> **Entries shown**
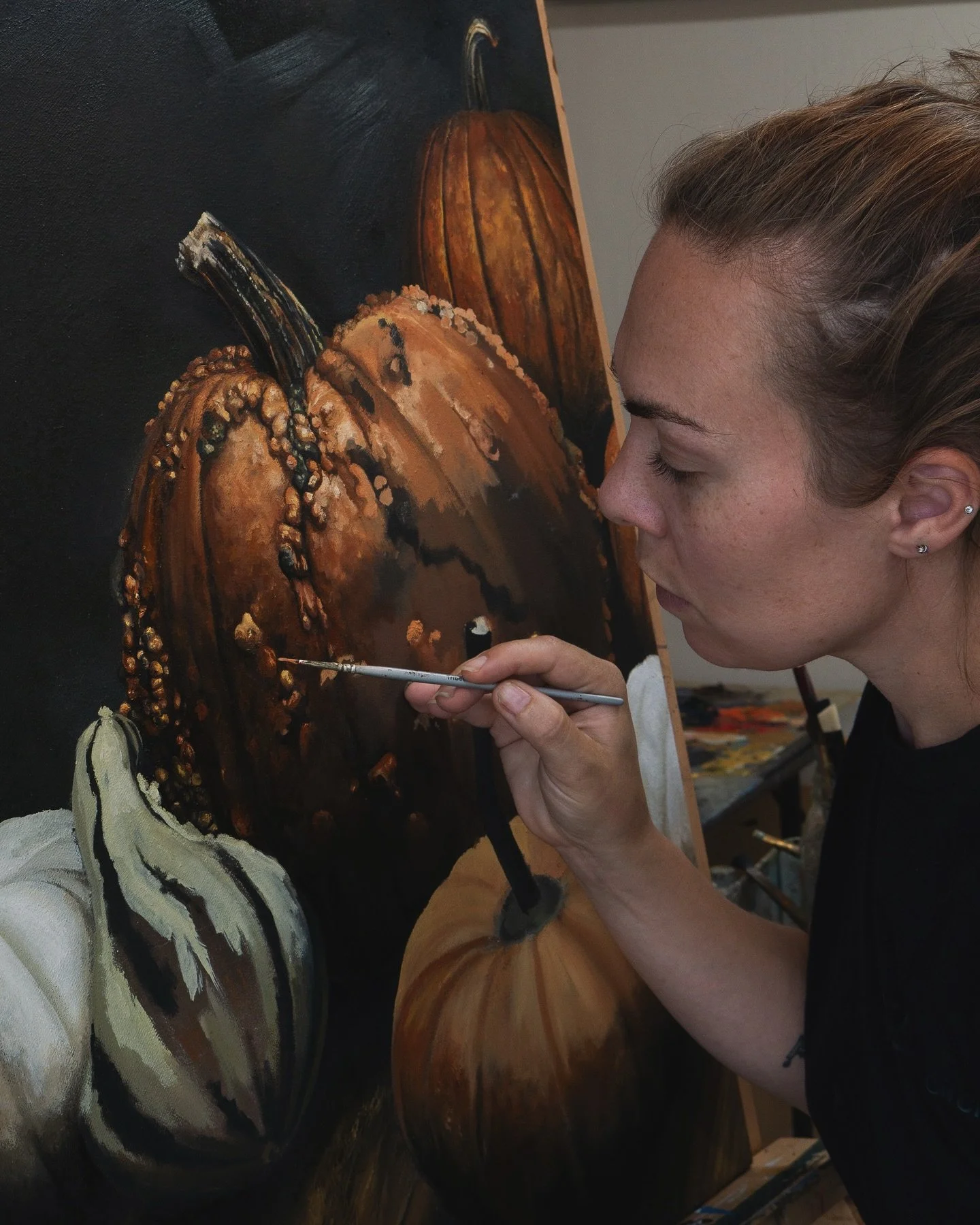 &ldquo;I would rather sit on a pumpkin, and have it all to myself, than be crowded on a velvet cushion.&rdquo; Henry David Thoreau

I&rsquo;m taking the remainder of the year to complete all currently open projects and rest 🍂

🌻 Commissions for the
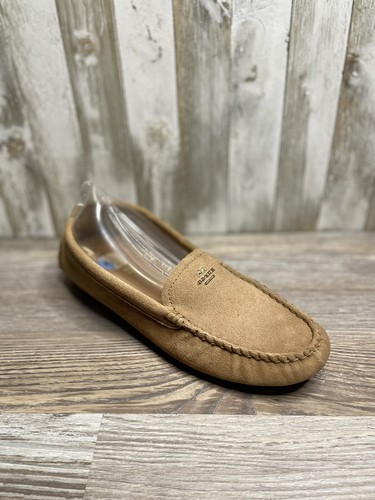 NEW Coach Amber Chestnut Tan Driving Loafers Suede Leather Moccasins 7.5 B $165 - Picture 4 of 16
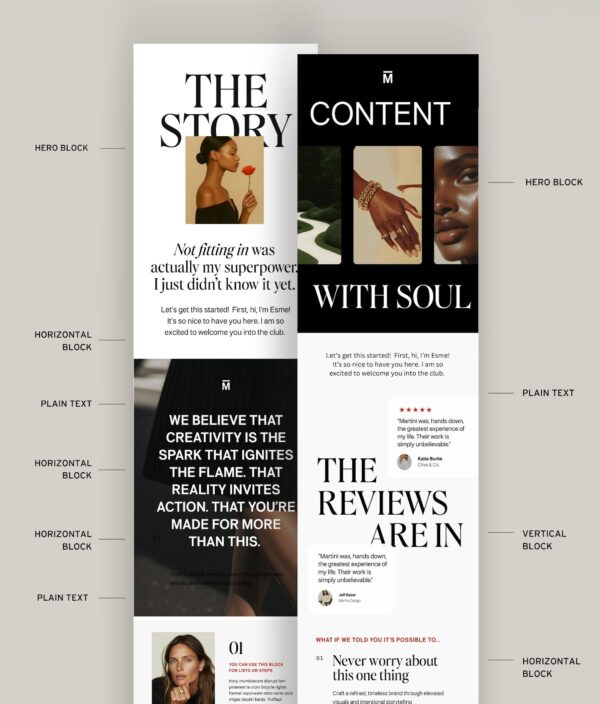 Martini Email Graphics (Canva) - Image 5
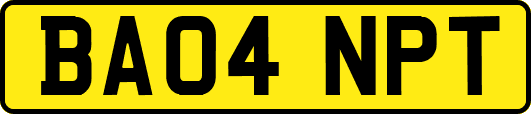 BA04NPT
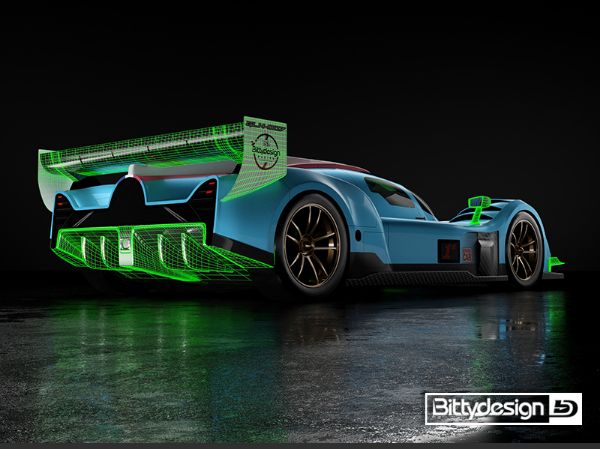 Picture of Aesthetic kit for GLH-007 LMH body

> **How to complete this task**
Copy out the records above in full, exactly as written, but not the pictures.

> **Exercise output**
 &ldquo;I would rather sit on a pumpkin, and have it all to myself, than be crowded on a velvet cushion.&rdquo; Henry David Thoreau

I&rsquo;m taking the remainder of the year to complete all currently open projects and rest 🍂

🌻 Commissions for the
 NEW Coach Amber Chestnut Tan Driving Loafers Suede Leather Moccasins 7.5 B $165 - Picture 4 of 16
 Martini Email Graphics (Canva) - Image 5
 BA04NPT
 Picture of Aesthetic kit for GLH-007 LMH body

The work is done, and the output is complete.